Is a program, that doesn't use a default argument that would fail to bind to a reference parameter, legal?

Question

Consider the following:

#include <iostream>

template <typename T>
struct Foo
{
    Foo (T v = {}) : var (v) {}
    T var;
};

int main()
{
    // Foo<int&> f;  // cannot compile
    
   int x = 42;
   Foo<int&> f(x);
   std::cout << f.var;
}

It builds and runs successfully in GCC 4.8, but is it strictly legal?
T v = {} is invalid for T=int&, but this default argument is not used.

---

The only pertinent language I can find in the standard does not seem to explicitly explain whether or not this program is valid; none of the following really seems completely relevant, despite touching on the subject in various ways:

[C++11: 8.3.6/1]: If an initializer-clause is specified in a parameter-declaration this initializer-clause is used as a default argument. Default arguments will be used in calls where trailing arguments are missing.

[C++11: 8.3.6/5]: A default argument is implicitly converted (Clause 4) to the parameter type. The default argument has the same semantic constraints as the initializer in a declaration of a variable of the parameter type, using the copy-initialization semantics (8.5). The names in the default argument are bound, and the semantic constraints are checked, at the point where the default argument appears. Name lookup and checking of semantic constraints for default arguments in function templates and in member functions of class templates are performed as described in 14.7.1. [..]

[C++11: 8.3.6/9]: Default arguments are evaluated each time the function is called. [..]

Answer 1

See 14.7.1 Implicit instantiation[temp.inst]/13:

If a function template f is called in a way that requires a default argument to be used, the dependent names are looked up, the semantics constraints are checked, and the instantiation of any template used in the default argument is done as if the default argument had been an initializer used in a function template specialization with the same scope, the same template parameters and the same access as that of the function template f used at that point, except that the scope in which a closure type is declared (5.1.2) – and therefore its associated namespaces – remain as determined from the context of the definition for the default argument. This analysis is called default argument instantiation. The instantiated default argument is then used as the argument of f.

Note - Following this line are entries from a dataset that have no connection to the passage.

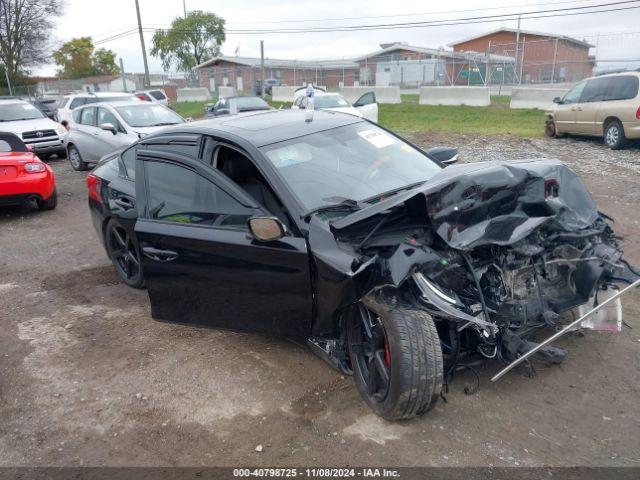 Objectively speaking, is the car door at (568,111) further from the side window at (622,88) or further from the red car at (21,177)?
the red car at (21,177)

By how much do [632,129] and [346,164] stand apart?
10.1m

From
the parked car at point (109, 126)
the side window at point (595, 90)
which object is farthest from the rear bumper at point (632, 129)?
the parked car at point (109, 126)

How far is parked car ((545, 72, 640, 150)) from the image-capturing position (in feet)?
38.1

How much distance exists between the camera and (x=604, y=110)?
12.2m

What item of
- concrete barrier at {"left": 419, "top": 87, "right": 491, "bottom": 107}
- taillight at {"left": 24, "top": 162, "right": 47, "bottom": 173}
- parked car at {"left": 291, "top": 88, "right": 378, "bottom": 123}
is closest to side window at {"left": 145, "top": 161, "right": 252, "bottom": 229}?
taillight at {"left": 24, "top": 162, "right": 47, "bottom": 173}

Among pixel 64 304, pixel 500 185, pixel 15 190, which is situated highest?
pixel 500 185

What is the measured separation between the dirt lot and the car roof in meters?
1.61

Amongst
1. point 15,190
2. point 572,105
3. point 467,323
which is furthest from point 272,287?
point 572,105

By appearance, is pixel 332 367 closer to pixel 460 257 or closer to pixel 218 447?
pixel 218 447

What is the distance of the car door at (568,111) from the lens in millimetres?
13242

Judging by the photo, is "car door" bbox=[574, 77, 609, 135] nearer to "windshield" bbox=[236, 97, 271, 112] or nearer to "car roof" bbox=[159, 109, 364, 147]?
"windshield" bbox=[236, 97, 271, 112]

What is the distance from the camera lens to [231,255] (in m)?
3.58

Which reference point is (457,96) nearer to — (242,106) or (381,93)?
(381,93)

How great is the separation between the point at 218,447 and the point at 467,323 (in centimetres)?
Answer: 160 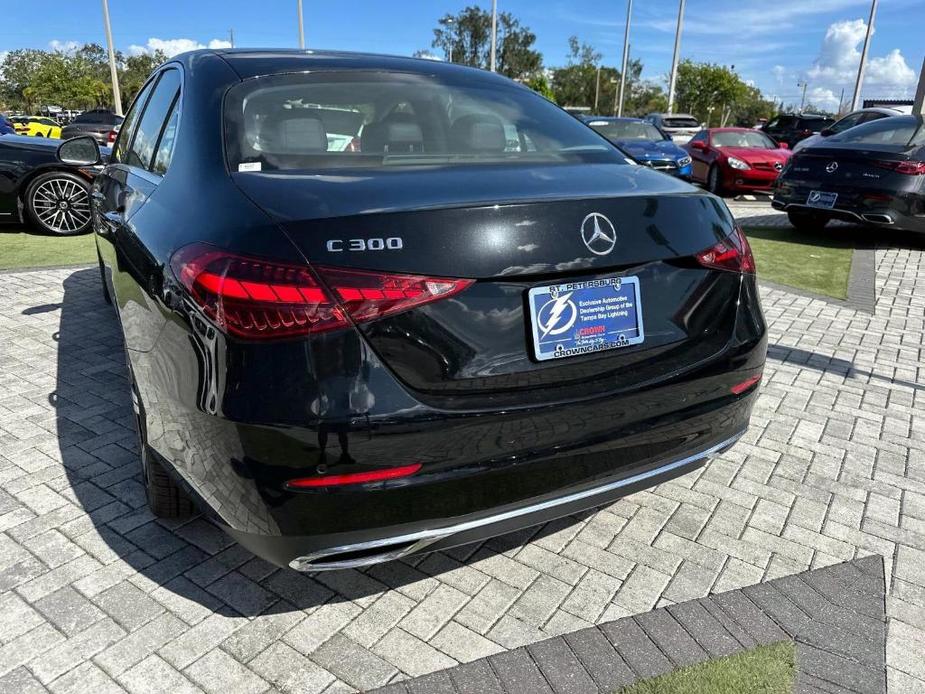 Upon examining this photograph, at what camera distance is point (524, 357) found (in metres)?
1.85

The example below it also shows a case where the default argument is ill-formed if instantiated:

template<class T> void f(T x, T y = ydef(T()), T z = zdef(T()));
class
A { };
A zdef(A);
void g(A a, A b, A c) {
    f(a, b, c); // no default argument instantiation
    f(a, b); // default argument z = zdef(T()) instantiated
    f(a); // ill-formed; ydef is not declared
}

There is no ydef, so the calls that use it are ill-formed, but the calls that don't use it are ok.

Answer 2

C++11, 14.7.1/3:

... Unless a call is to a function template explicit specialization or to a member function of an explicitly specialized class template, a default argument for a function template or a member function of a class template is implicitly instantiated when the function is called in a context that requires the value of the default argument.

(Emphasis mine).

Combine this with 14.7.1/1:

... The implicit instantiation of a class template specialization causes the implicit instantiation of the declarations, but not of the definitions or default arguments, of the class member functions, ...

(Emphasis mine again)

I would say that from the above, it follows that when called so that the default argument value is not required, it is not instantiated.